Cierta literatura feminista y de izquierdas ha tendido a minimizar un crimen de tal magnitud elevándolo incluso a la categoría de derecho. Se trataría, poco menos, que de una operación similar a que uno le saquen una muela, y eso no es cierto. Con la investigación subyacente en mi libro «¡Derogad la genocida ley de violencia de género!» he podido comprobar -uno más- los efectos demoledores sobre la psique y la vida de las personas, que se tornan crueles y despiadadas, violentas y psicópatas, altamente destructivas y amargadas, ocultando su complejo de culpa tras una histeria agresiva. Aunque se cauterice la conciencia -y ésta es seguramente la peor respuesta-, el aborto destruye una vida e interrumpe un proceso natural, con efectos psicológicos y psíquicos tremendos.
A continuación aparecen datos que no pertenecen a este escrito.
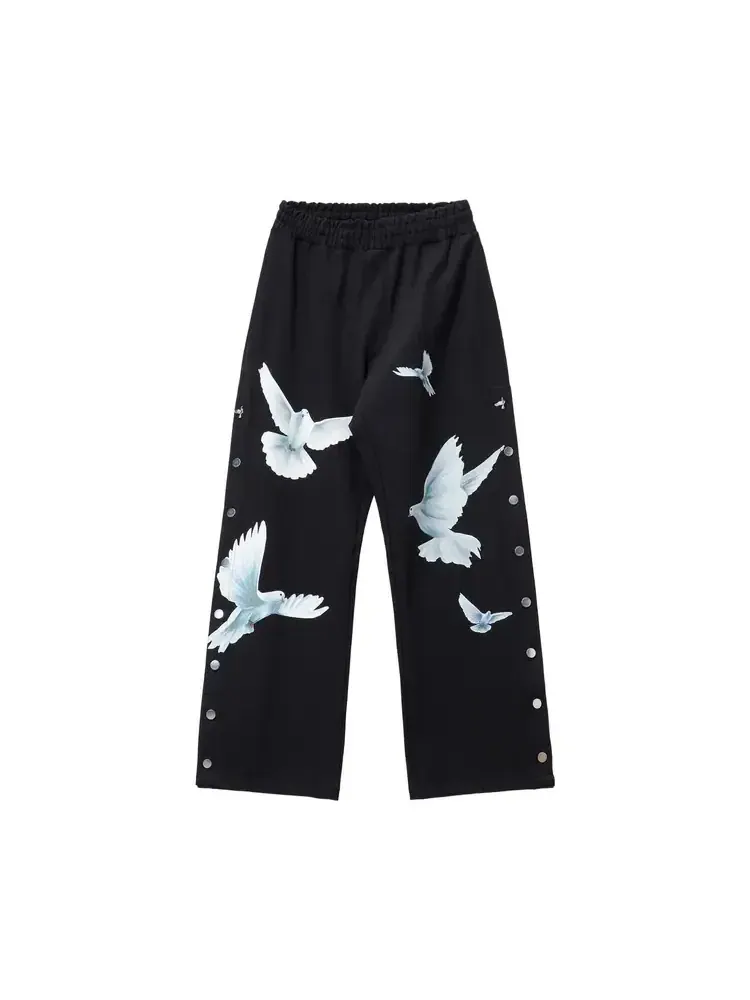 Спортивные брюки свободного кроя 3.PARADIS Freedom Doves — черный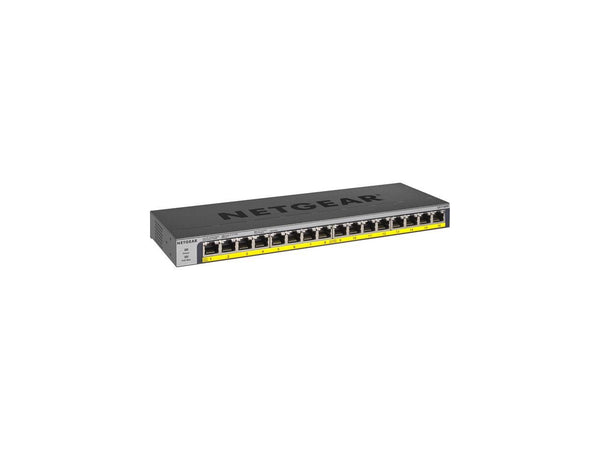 NETGEAR 16-Port PoE/PoE+ Gigabit Ethernet Unmanaged Switch with 183W PoE Budget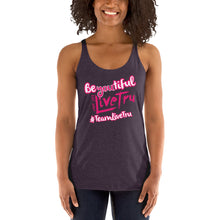 Load image into Gallery viewer, BE You tiful Teamlivetru Racerback Tank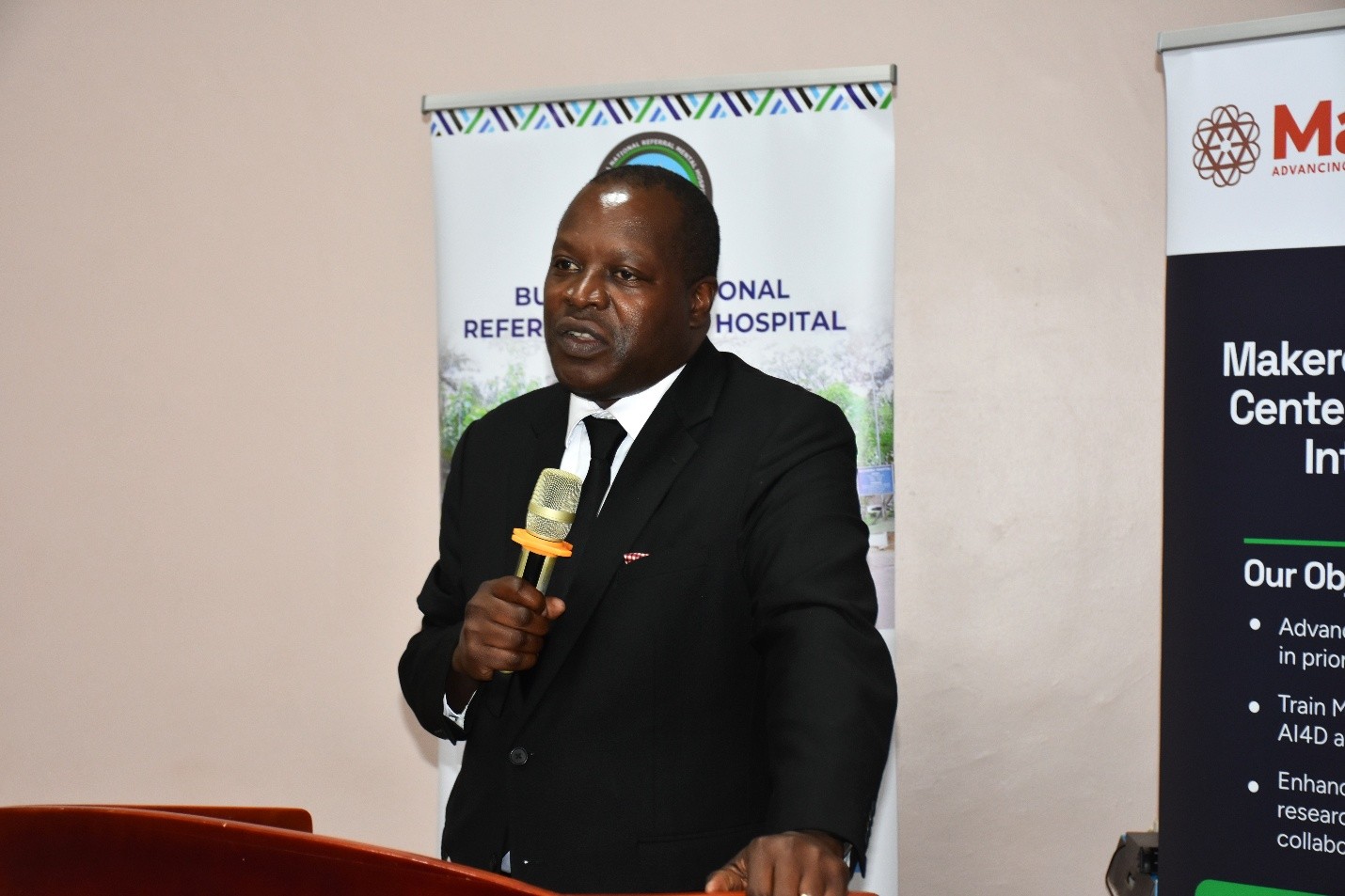 Prof. Tonny Oyana, the Principal at Makerere University’s College of Computing and Information Sciences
Entrevisté en su día a una mujer que había sublimado su arrepentimiento luchando contra el aborto y me confesó que «celebraba» el «cumpleaños» el día en que había abortado a su hijo. El dolor persistía embalsamado.
Lo que hizo Letizia Ortiz no fue el ejercicio de un derecho, ni sufrió una operación quirúrgica irrelevante; practicó un crimen, despenalizado, que genera secuelas terribles.